In higher bit samples, signed is also available. But not in 8-bit.

I’m more confused about this that I was when I started. It seems that what I’m doing works, but it’s wrong.
I tried detecting 127 as silence, but that resulted in distortion.
My above implementation is also not good enough, if multiple sounds are playing, the first ones the code adds will be quieter than the later ones as their volume will be adjusted more than once.

Because 127 can and will be used as a valid instant signal value, like any value of the range could be. You can’t use a single, instant value as a way to detect silence!

Silence = a whole, uninterrupted succession of the same value (like 127, but could actually be anything).

That makes things more complex of course. You might want to take the problem from another point of view - isn’t it silence when you play nothing?

Additionally, detecting the same value only twice isn’t a valid option either. That could happen frequently as well, because of how signals work. It’s especially true with low resolution output like 8bit one is.
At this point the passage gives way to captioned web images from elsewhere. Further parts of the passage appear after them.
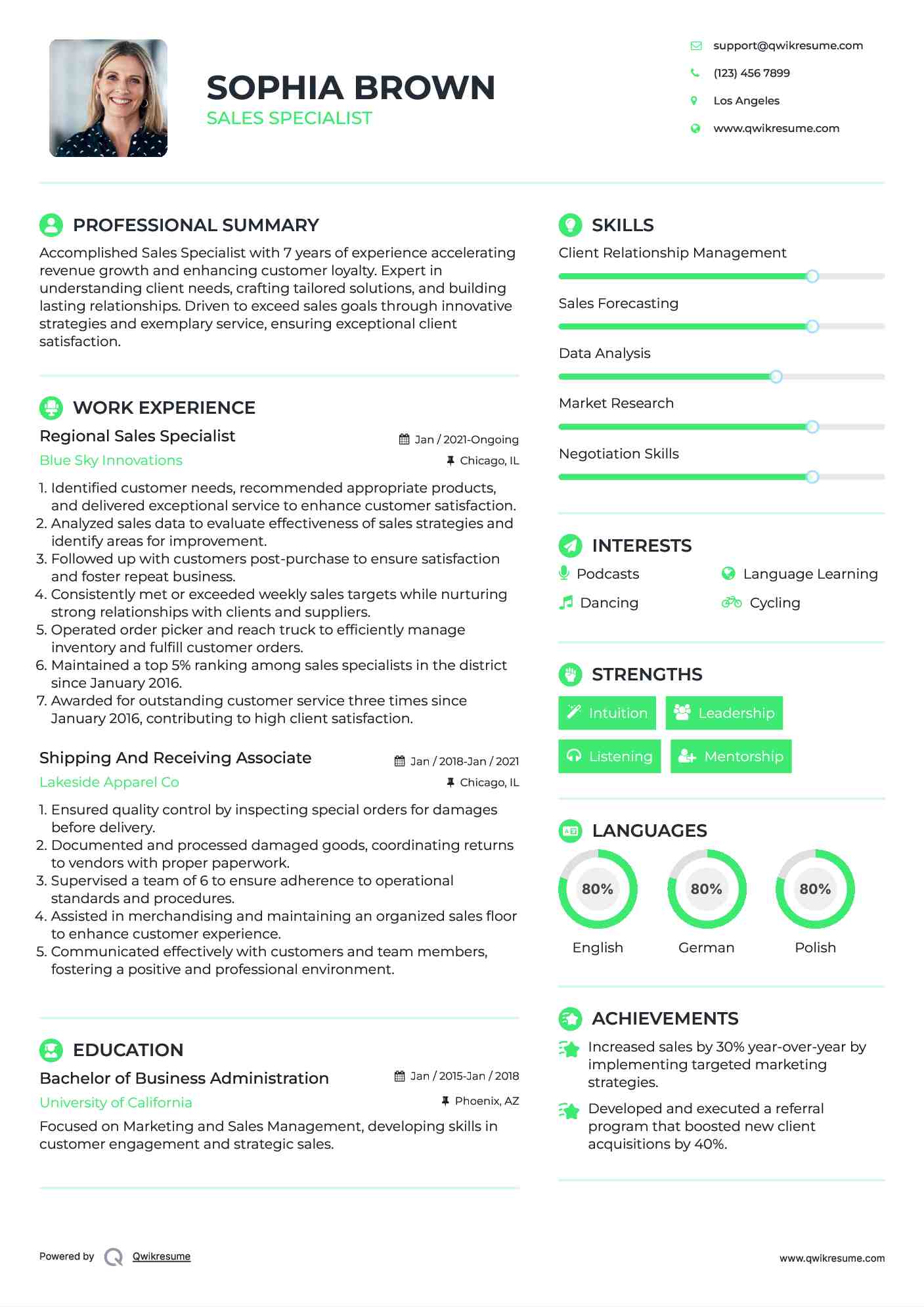 Regional Sales Specialist Resume Sample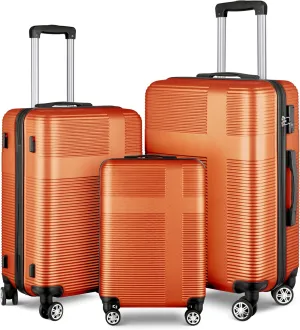 3 Piece Luggage Set with TSA Lock, Durable Lightweight Cross Stripe Suitcase Hardshell Luggage Set with Hooks and 360 Degree Spinner Wheels (20in/24in/28in) Orange As Shown One Size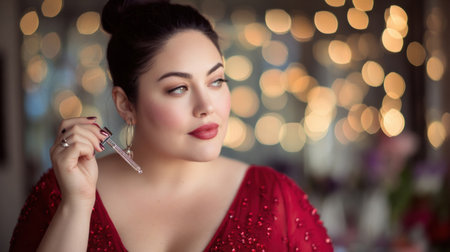 Woman with a confident expression poses with a makeup brush while wearing a stunning red dress, surrounded by warm bokeh lights at a festive gathering.の素材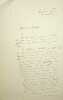 Lettre autographe signée. Victorien Sardou (1831-1908), écrivain. 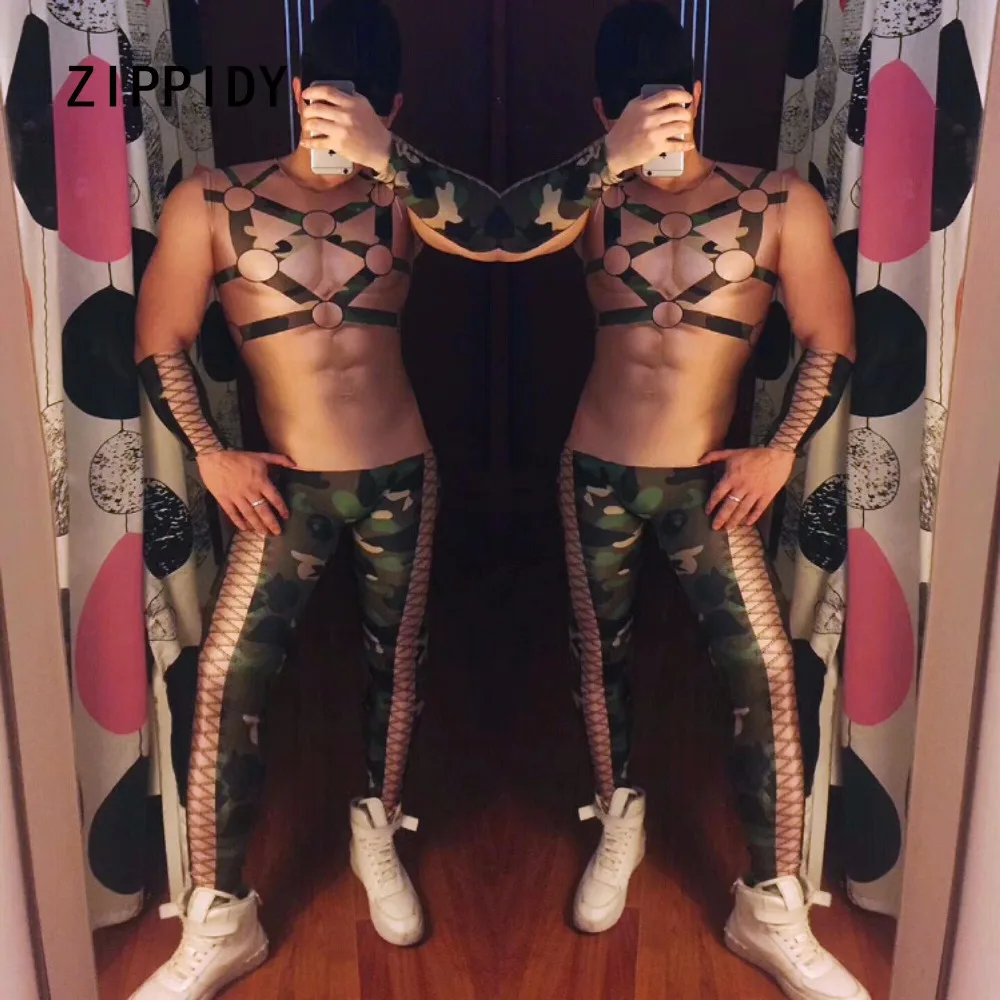 New Style Camouflage Printed False Muscles Bandage Design Men's Jumpsuit Nightclub Bar Ds Stage Show Rompers Big Stretch Costume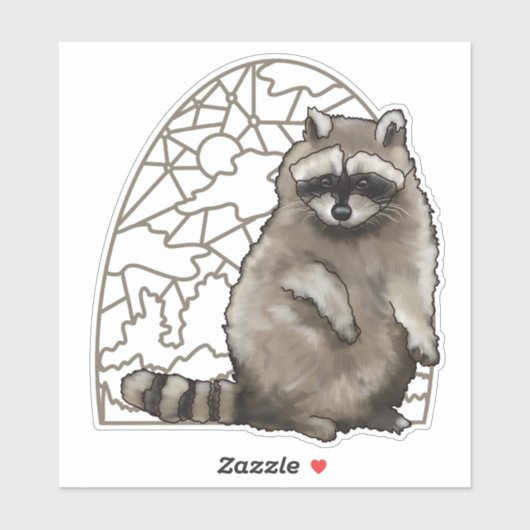 Sticker Adorable Raccoon en verre tendu (Feuille)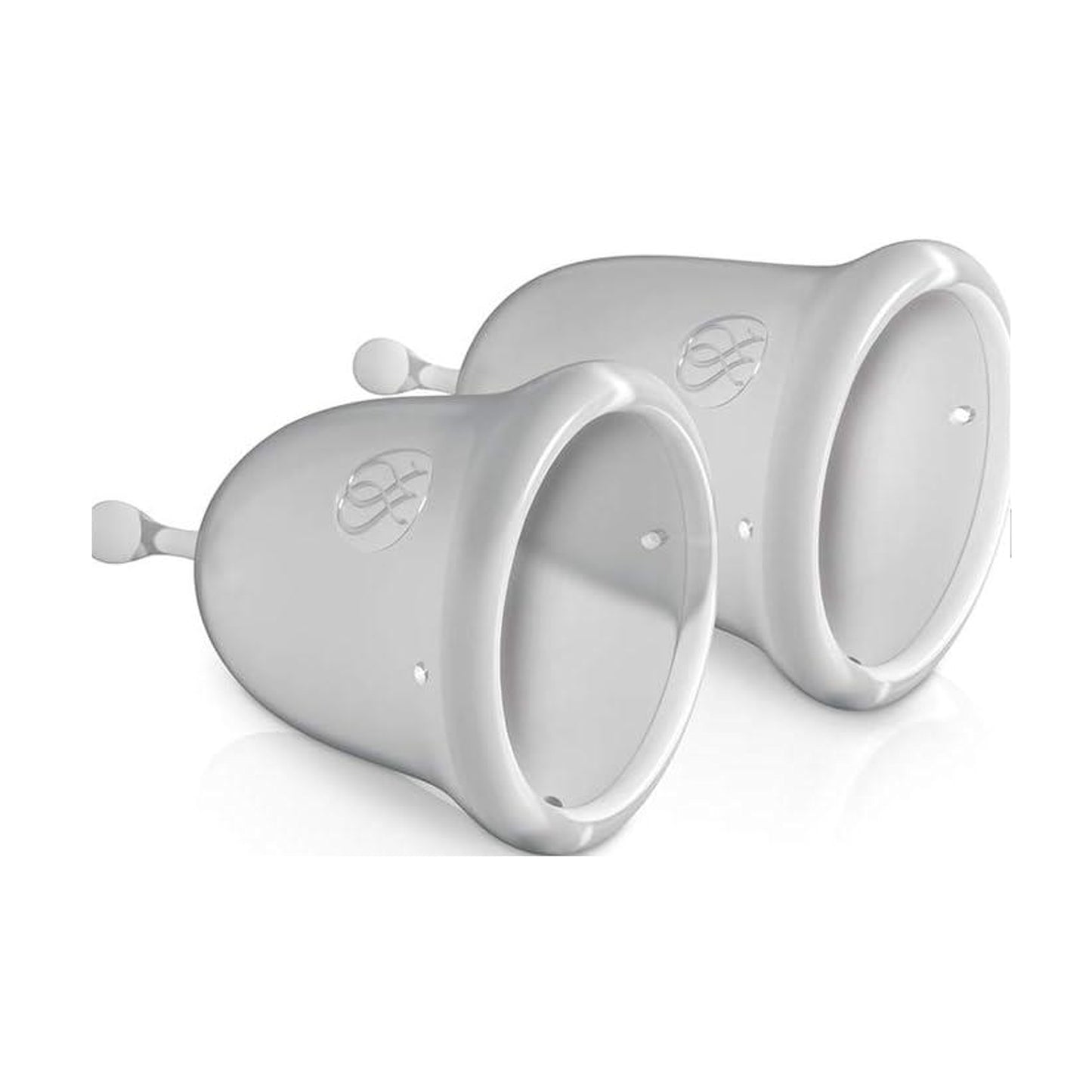 Clear menstrual cups angled side view detail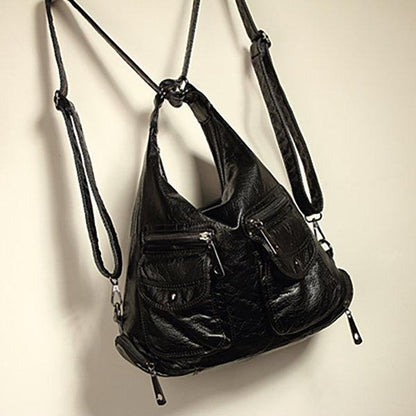 Soft Leather Solid Backpack Multi-carry Shoulder Bag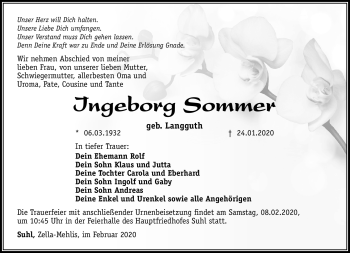 Traueranzeige von Ingeborg Sommer von Südthüringer Presse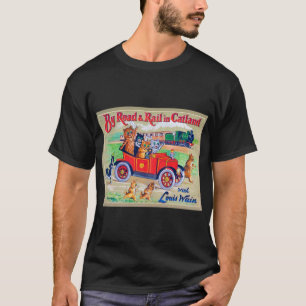 Camiseta Por Road & Rail em Catland, Louis Wain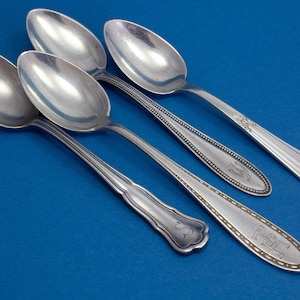4 silver plated mocha spoons with mismatched patterns, shabby chic, engraved
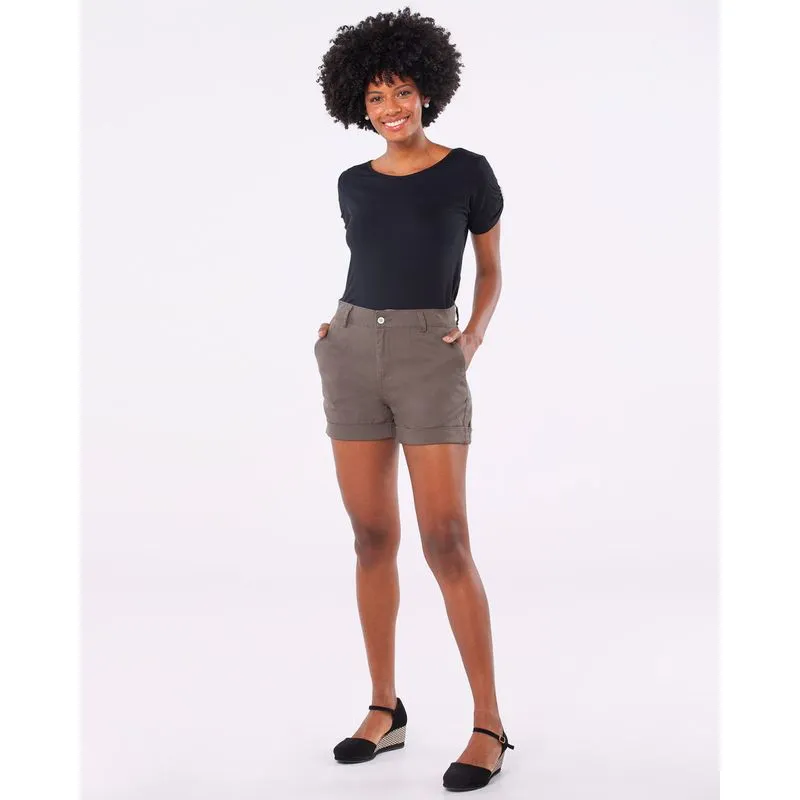 Short Sarja Feminino com Bolsos Verde 48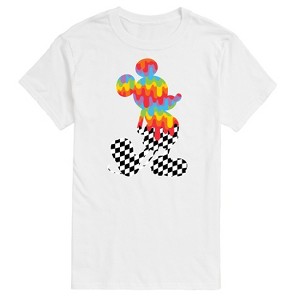 Men's - Disney - Mickey Checkered and Rainbow Silhouette Short Sleeve Graphic T-Shirt - 1 of 4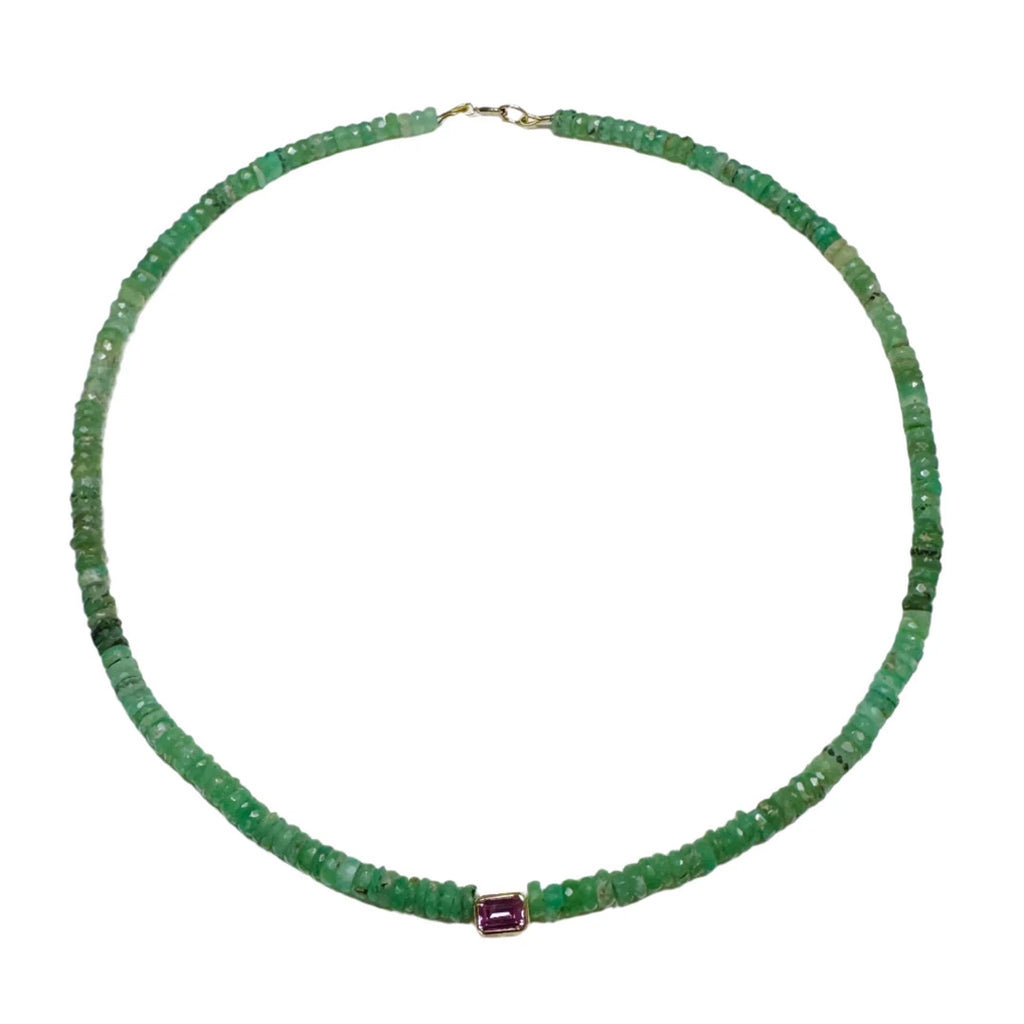 Chrysoprase Heishi Necklace With Bezel Set Pink Tourmaline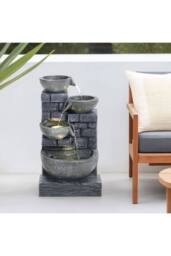 H&O Direct Rustic Solar-Powered Outdoor Water Fountain with Lights in Grey - thumbnail 2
If you really want to detect perfect silence, you have to calculate the lowest frequency that can be heard AND outputted by the pokitto.
Let’s say it’s 100hz: you’d have to check for 10ms (1/100 hz) of output for silence.
If no variation happens in those 10ms, then you won’t have any sound coming out.
What does it imply thought? Well you have to retain those 10ms somewhere in memory. At a sampling rate of 8Kb/s - 1KB/s, that means you’ll have to retain the last 10 bytes and check on them on a regular basis. At 16Kb/s, it’ll be 20 bytes, and so on. If you want to have a lower cut frequency, that’ll be more bytes too.